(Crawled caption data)
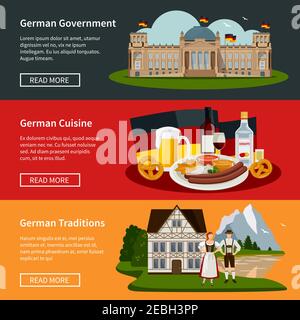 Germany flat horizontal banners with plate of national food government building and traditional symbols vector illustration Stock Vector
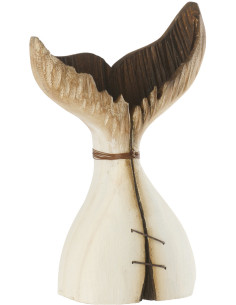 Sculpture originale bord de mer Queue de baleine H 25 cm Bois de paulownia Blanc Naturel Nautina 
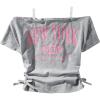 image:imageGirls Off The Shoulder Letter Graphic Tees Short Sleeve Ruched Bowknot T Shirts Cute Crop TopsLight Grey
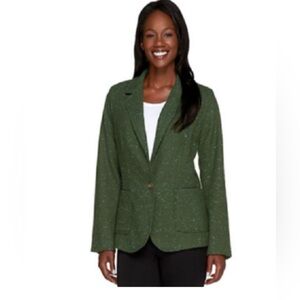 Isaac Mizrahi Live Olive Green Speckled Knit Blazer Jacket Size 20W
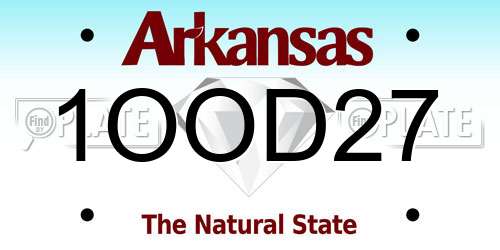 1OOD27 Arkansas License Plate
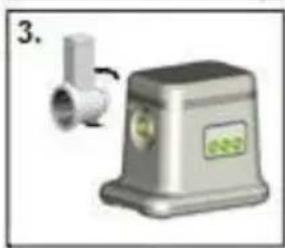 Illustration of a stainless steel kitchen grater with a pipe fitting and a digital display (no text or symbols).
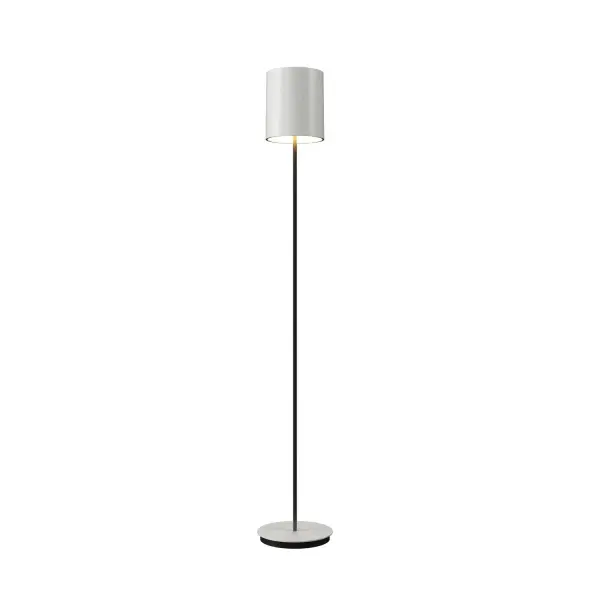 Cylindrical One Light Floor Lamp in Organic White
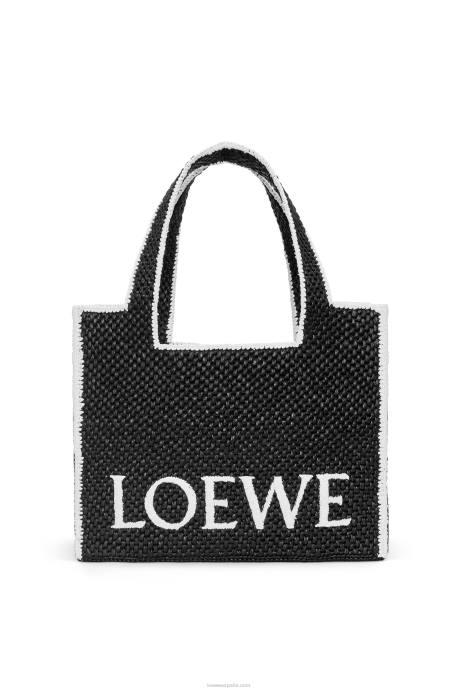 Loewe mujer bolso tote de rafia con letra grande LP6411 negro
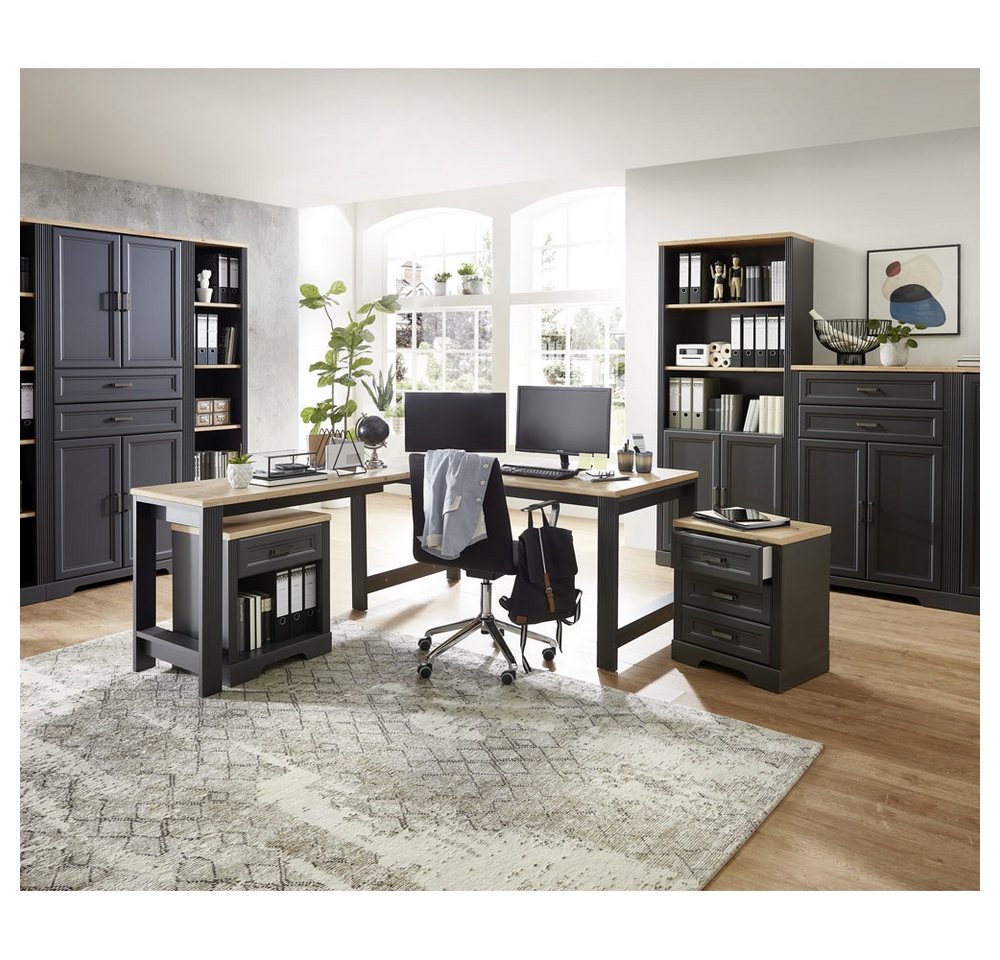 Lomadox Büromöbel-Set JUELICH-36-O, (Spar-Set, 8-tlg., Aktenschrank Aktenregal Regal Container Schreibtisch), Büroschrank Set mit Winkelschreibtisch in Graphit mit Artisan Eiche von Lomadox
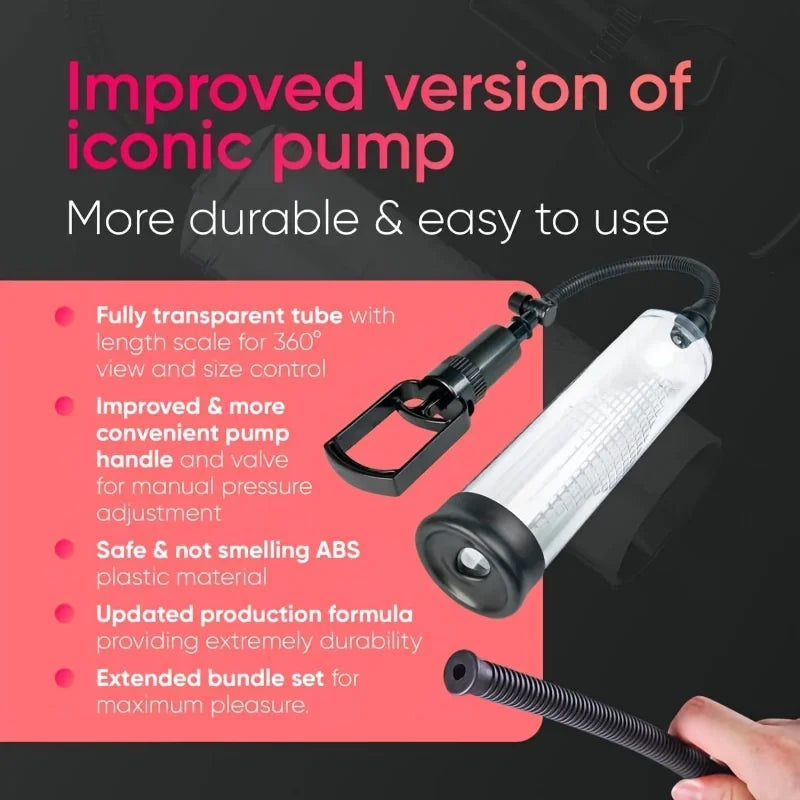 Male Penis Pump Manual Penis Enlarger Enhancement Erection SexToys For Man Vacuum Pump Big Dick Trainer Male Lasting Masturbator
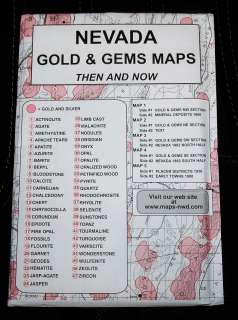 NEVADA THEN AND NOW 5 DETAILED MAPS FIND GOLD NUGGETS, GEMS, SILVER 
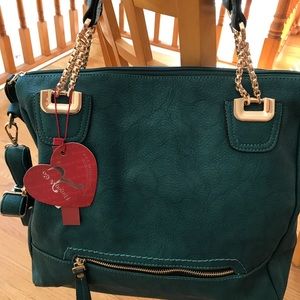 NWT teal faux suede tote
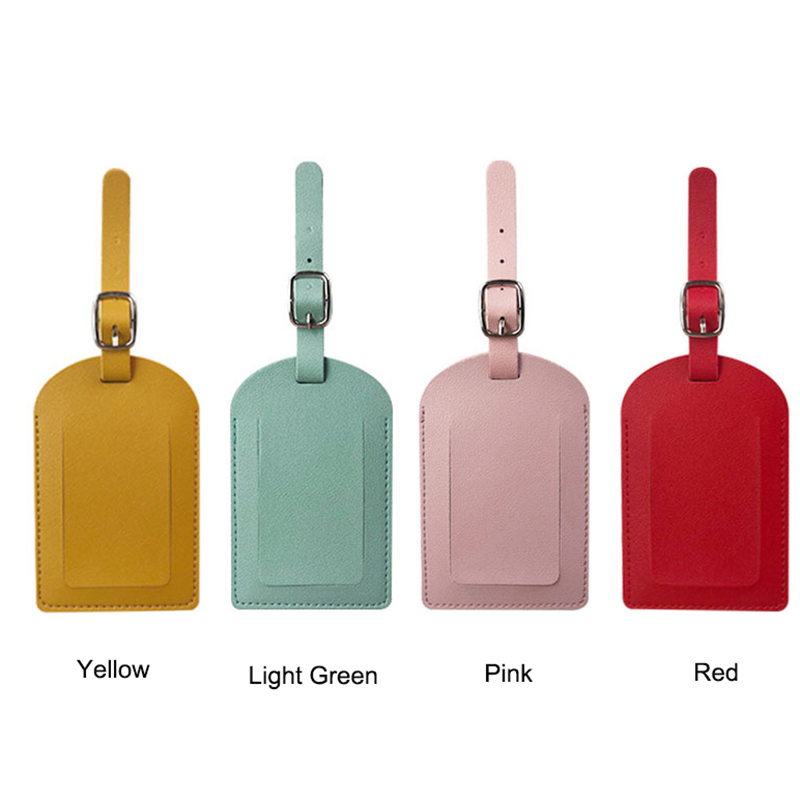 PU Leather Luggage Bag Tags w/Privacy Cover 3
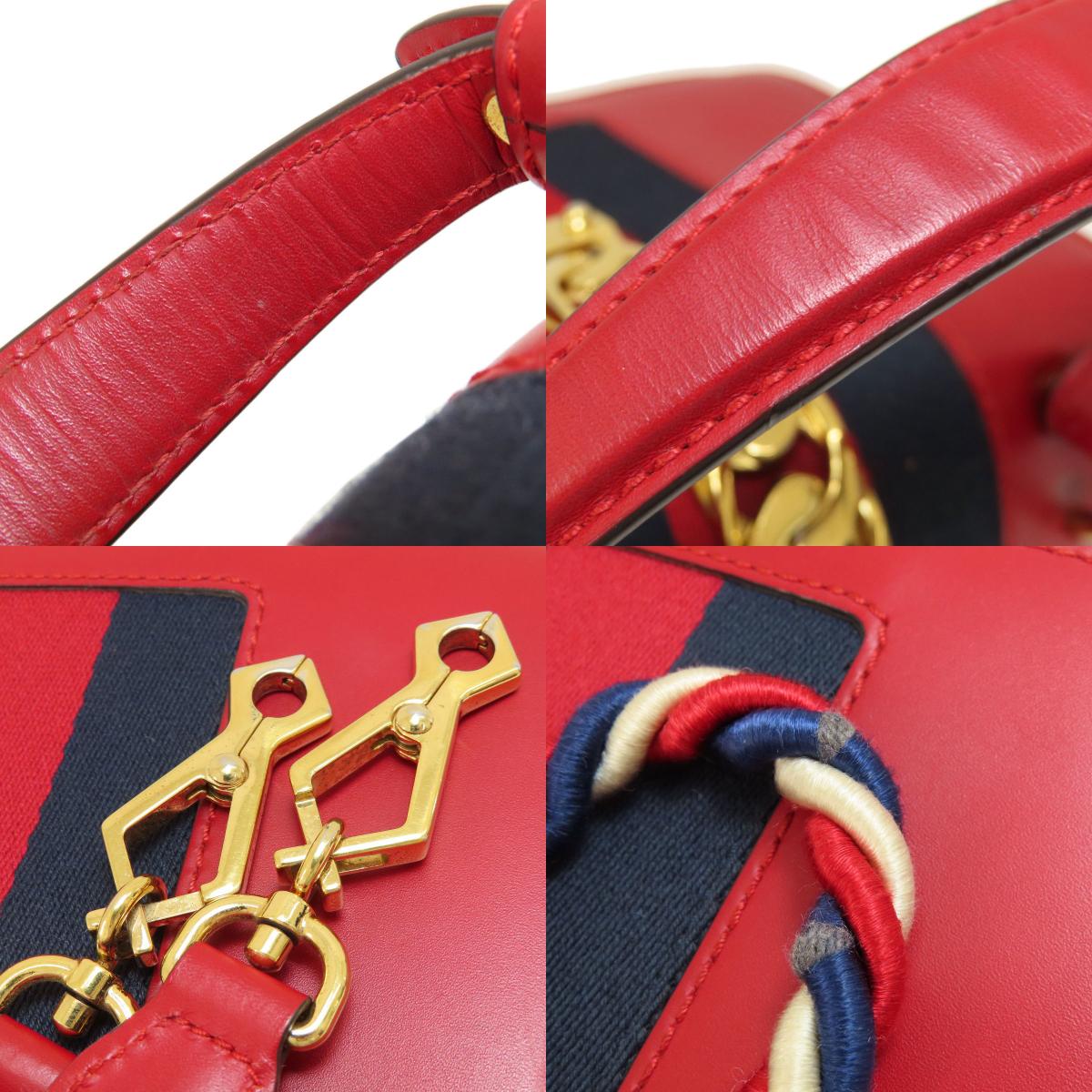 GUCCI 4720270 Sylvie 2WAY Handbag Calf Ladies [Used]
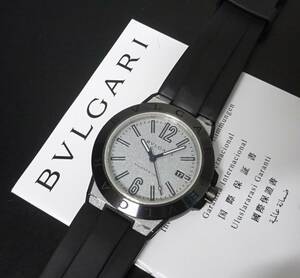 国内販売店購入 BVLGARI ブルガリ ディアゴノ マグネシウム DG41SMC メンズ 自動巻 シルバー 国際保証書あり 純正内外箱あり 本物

*EXERCISE*: Only the lines from the one containing "NEVADA THEN AND" through the last line of the entries belong in the answer, given again exactly. Images stay out.

*RESPONSE AREA*:
 NEVADA THEN AND NOW 5 DETAILED MAPS FIND GOLD NUGGETS, GEMS, SILVER 
 NWT teal faux suede tote
 PU Leather Luggage Bag Tags w/Privacy Cover 3
 GUCCI 4720270 Sylvie 2WAY Handbag Calf Ladies [Used]
 国内販売店購入 BVLGARI ブルガリ ディアゴノ マグネシウム DG41SMC メンズ 自動巻 シルバー 国際保証書あり 純正内外箱あり 本物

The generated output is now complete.